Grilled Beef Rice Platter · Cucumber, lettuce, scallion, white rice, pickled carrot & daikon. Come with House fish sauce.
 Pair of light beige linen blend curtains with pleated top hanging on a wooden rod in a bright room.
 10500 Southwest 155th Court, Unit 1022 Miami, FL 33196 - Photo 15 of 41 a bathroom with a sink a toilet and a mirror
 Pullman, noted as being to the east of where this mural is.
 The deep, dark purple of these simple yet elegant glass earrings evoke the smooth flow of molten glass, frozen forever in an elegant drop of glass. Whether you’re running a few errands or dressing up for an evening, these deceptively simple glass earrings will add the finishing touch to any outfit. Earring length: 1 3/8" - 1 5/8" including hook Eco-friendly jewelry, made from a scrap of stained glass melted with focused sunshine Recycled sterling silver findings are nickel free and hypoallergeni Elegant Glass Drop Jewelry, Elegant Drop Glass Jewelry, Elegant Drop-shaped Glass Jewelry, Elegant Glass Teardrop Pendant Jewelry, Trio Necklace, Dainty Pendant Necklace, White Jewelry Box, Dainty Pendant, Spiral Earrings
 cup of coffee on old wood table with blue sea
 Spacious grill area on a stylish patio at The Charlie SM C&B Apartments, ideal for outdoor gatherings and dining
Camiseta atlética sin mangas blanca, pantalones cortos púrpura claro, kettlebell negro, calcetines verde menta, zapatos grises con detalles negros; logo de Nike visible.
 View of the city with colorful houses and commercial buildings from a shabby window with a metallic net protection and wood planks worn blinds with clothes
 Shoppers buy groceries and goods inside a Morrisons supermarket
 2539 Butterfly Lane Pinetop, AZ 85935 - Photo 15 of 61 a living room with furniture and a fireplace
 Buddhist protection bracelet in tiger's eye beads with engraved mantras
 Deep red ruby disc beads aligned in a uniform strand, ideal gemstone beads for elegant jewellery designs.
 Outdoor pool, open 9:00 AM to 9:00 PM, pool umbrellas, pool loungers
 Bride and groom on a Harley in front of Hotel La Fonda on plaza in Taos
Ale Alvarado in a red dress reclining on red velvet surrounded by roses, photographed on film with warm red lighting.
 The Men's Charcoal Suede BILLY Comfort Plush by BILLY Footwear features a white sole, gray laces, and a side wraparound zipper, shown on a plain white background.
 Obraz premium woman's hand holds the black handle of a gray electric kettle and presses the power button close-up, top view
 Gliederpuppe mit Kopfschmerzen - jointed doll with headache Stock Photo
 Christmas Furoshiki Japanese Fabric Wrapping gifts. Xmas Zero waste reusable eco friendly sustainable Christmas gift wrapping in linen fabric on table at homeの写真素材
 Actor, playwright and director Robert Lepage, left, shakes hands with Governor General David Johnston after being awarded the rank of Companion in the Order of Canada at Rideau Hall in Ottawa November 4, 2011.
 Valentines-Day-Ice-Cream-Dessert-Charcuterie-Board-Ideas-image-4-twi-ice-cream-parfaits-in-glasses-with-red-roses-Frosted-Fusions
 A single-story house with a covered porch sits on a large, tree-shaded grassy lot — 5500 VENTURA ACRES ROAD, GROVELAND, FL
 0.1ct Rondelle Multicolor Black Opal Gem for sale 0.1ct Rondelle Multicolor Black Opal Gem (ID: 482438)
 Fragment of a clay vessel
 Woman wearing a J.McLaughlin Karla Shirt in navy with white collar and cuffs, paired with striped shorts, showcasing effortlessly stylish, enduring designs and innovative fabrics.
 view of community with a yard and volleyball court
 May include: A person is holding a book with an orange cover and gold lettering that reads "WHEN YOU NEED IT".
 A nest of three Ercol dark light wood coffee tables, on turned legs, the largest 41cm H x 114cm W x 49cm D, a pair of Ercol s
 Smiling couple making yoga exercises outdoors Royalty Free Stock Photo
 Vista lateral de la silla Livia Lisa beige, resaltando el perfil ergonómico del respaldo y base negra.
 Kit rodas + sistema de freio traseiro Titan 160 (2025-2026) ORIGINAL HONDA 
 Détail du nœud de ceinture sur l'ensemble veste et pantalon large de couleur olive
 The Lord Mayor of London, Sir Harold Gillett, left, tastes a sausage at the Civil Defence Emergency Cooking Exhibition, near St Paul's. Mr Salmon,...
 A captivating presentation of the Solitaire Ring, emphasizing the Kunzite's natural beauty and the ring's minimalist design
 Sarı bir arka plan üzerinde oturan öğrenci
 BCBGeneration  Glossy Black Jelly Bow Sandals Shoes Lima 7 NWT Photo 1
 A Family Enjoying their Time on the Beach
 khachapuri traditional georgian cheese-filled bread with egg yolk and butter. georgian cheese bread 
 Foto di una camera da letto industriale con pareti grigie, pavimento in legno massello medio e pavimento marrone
:::
**EXERCISE REQUIREMENTS**
Word for word, reproduce the lines of the listing from the first one through the line containing "Spacious grill area", and no more.

**ANSWER SPACE**
Grilled Beef Rice Platter · Cucumber, lettuce, scallion, white rice, pickled carrot & daikon. Come with House fish sauce.
 Pair of light beige linen blend curtains with pleated top hanging on a wooden rod in a bright room.
 10500 Southwest 155th Court, Unit 1022 Miami, FL 33196 - Photo 15 of 41 a bathroom with a sink a toilet and a mirror
 Pullman, noted as being to the east of where this mural is.
 The deep, dark purple of these simple yet elegant glass earrings evoke the smooth flow of molten glass, frozen forever in an elegant drop of glass. Whether you’re running a few errands or dressing up for an evening, these deceptively simple glass earrings will add the finishing touch to any outfit. Earring length: 1 3/8" - 1 5/8" including hook Eco-friendly jewelry, made from a scrap of stained glass melted with focused sunshine Recycled sterling silver findings are nickel free and hypoallergeni Elegant Glass Drop Jewelry, Elegant Drop Glass Jewelry, Elegant Drop-shaped Glass Jewelry, Elegant Glass Teardrop Pendant Jewelry, Trio Necklace, Dainty Pendant Necklace, White Jewelry Box, Dainty Pendant, Spiral Earrings
 cup of coffee on old wood table with blue sea
 Spacious grill area on a stylish patio at The Charlie SM C&B Apartments, ideal for outdoor gatherings and dining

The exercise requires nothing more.